● **TASK TO CARRY OUT**: Can you write out every line from the start of the records below through the line containing "Кабель USB 3", leaving out any pictures?

-- GIVEN INFORMATION follows --

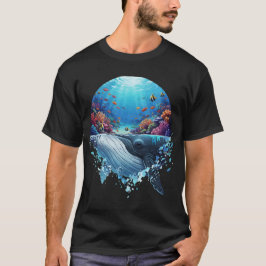 壮大な青いクジラのサンゴ礁海洋野生生物 Tシャツ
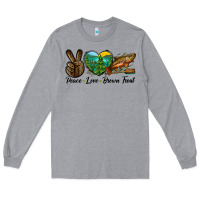 Heather Grey Peace Love Brown Trout Long Sleeve Tee - LillyAllenDesigns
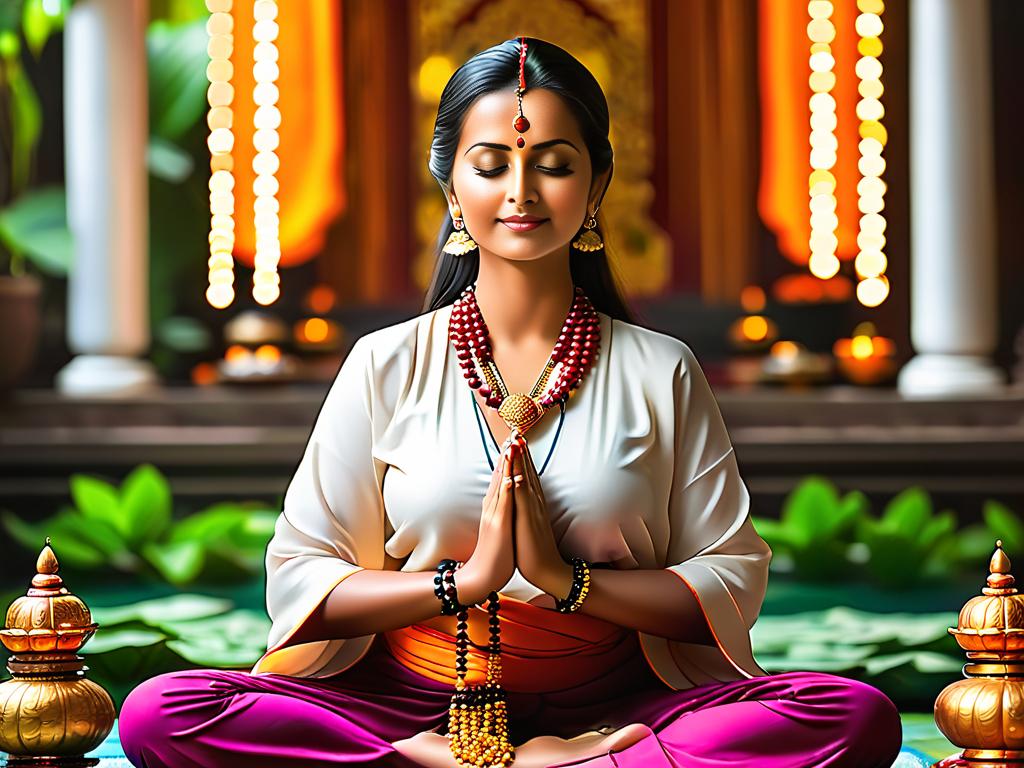 Женщина медитирует с четками, повторяя мантру Лакшми для привлечения достатка
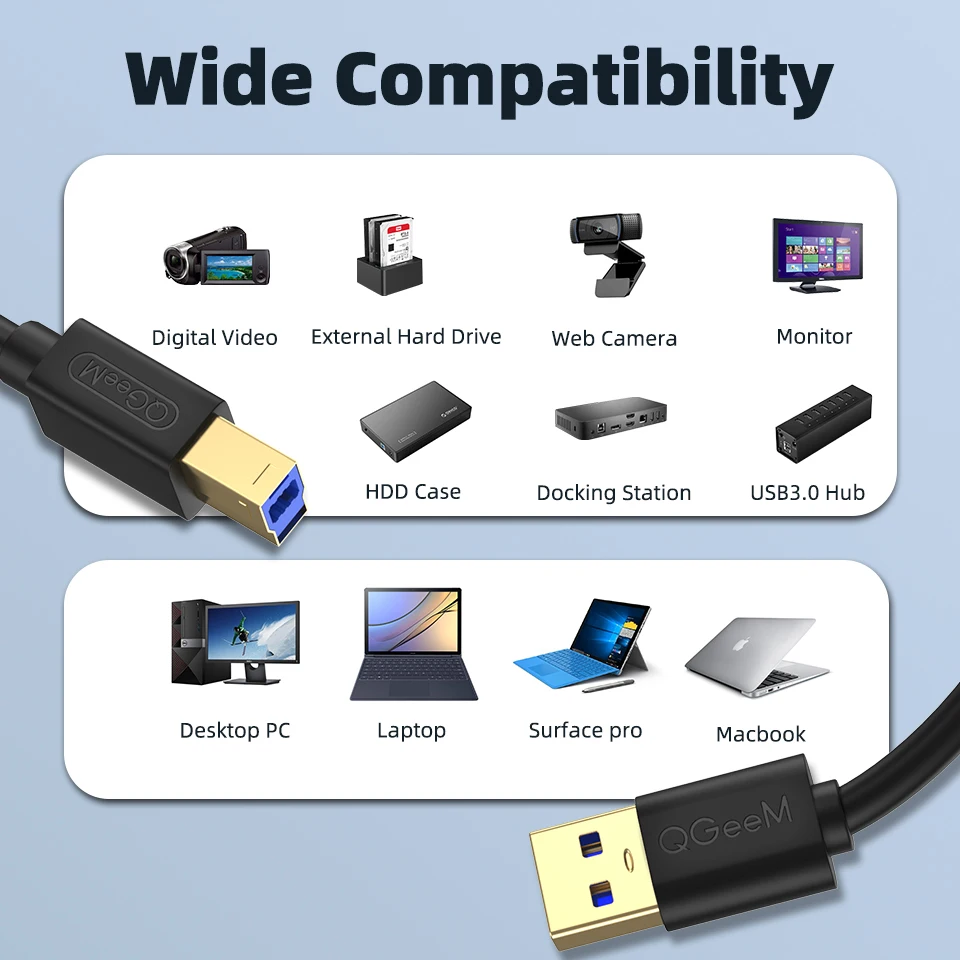 Кабель USB 3 0 типа A папа B кабель Супер Скоростной синхронизации данных печати 2 м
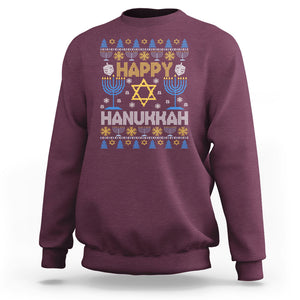 Happy Hanukkah Sweatshirt Jewish Festival of Lights Hanukkiah Menorah Ugly Chanukah TS02 Maroon Printyourwear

-- GIVEN INFORMATION concluded --

● **ANSWER BOX**:
 壮大な青いクジラのサンゴ礁海洋野生生物 Tシャツ
 Heather Grey Peace Love Brown Trout Long Sleeve Tee - LillyAllenDesigns
 Женщина медитирует с четками, повторяя мантру Лакшми для привлечения достатка
 Кабель USB 3 0 типа A папа B кабель Супер Скоростной синхронизации данных печати 2 м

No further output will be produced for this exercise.